Pakistan | Former PM Khan arbitrarily detained, UN experts say

(Geneva) A panel of UN experts considers that the detention of former Pakistani Prime Minister Imran Khan is arbitrary and contrary to international law, calling “immediately” for his release.


In an advisory released Monday, the UN Working Group on Arbitrary Detention expressed concern over the multiple legal cases opened against Mr Khan since he was ousted from power in April 2022.

The same source believes that his deprivation of liberty violates a series of laws and standards and is “arbitrary.”

The task force said it had concluded that Mr Khan’s detention “has no legal basis and appears to have been intended to disqualify him from political office”.

“Therefore, from the outset, these proceedings were not justified in law and appear to have been instrumentalised for political purposes,” the working group added in its opinion, dated 25 March, but only made public on Monday.

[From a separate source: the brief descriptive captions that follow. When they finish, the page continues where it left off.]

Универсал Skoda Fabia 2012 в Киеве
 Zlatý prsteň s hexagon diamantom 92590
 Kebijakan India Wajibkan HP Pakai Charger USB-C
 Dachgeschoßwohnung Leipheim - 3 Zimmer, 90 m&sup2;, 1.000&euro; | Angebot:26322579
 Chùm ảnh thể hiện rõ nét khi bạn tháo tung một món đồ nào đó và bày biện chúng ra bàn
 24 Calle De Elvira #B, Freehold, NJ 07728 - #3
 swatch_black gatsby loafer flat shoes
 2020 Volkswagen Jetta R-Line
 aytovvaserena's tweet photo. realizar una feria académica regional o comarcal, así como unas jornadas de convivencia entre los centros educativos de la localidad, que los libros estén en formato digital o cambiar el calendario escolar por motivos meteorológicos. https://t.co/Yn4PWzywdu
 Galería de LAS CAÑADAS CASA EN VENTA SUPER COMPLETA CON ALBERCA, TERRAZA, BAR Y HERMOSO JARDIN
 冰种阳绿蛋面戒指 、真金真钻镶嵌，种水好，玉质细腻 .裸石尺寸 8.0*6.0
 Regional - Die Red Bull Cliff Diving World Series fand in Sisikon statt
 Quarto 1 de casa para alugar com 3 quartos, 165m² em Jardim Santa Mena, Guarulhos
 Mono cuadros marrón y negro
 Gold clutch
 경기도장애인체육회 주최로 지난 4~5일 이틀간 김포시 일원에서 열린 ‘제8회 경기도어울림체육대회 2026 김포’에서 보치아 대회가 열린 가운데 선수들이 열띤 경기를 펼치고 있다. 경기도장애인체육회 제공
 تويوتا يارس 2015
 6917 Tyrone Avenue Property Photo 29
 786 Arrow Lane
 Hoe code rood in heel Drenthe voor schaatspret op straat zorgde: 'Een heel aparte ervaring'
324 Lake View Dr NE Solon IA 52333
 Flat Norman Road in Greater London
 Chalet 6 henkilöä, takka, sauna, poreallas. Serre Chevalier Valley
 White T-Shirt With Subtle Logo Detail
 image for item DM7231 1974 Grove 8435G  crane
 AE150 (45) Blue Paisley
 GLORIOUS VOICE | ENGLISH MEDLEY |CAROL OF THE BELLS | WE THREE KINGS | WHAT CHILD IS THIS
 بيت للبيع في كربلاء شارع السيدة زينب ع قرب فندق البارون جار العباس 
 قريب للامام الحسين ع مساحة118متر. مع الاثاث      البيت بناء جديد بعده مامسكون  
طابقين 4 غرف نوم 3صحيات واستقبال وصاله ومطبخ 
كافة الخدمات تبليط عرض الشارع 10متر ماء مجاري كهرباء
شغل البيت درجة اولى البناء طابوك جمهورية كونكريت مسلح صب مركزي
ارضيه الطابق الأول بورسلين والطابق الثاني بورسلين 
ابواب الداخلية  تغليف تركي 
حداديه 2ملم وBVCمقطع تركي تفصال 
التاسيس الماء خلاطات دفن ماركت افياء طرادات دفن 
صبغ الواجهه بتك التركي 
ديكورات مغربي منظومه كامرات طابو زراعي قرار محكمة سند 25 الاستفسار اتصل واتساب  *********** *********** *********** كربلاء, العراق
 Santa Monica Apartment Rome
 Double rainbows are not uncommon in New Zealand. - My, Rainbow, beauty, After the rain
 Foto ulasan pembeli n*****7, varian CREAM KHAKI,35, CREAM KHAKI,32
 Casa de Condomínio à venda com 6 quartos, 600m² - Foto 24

The working group, composed of five independent experts whose opinions are not binding on the UN, called on the Pakistani government to “take the necessary measures to remedy Mr Khan’s situation without delay and to bring it into line with relevant international standards.”

“The appropriate solution would be to release Mr Khan immediately and provide him with enforceable compensation and other remedies, in accordance with international law,” the experts said.

Imran Khan, who was prime minister from 2018 to 2022, has been embroiled in more than 200 legal cases since leaving power – a campaign he says is designed to prevent him from regaining power.

He has been imprisoned since last August and prevented from running in elections.

However, the former cricket star and his wife had their 14-year prison sentence for corruption suspended by a Pakistani high court in April. But the conviction itself remains in place.

In early June, Mr Khan was also acquitted of a treason charge, for which he had been sentenced to 10 years in prison at first instance.

He remains in Adiala prison in the south of the capital Islamabad after being convicted of illegal marriage.

Neither the Interior Ministry nor the Information Ministry could be immediately reached for comment.

Mr Khan’s party, Pakistan Tehreek-e-Insaf (PTI), called the experts’ opinion a “huge victory”.

“It shows beyond any doubt that Imran Khan is innocent and has been illegally imprisoned,” PTI spokesperson Syad Zulfiqar Bukhari said in a statement.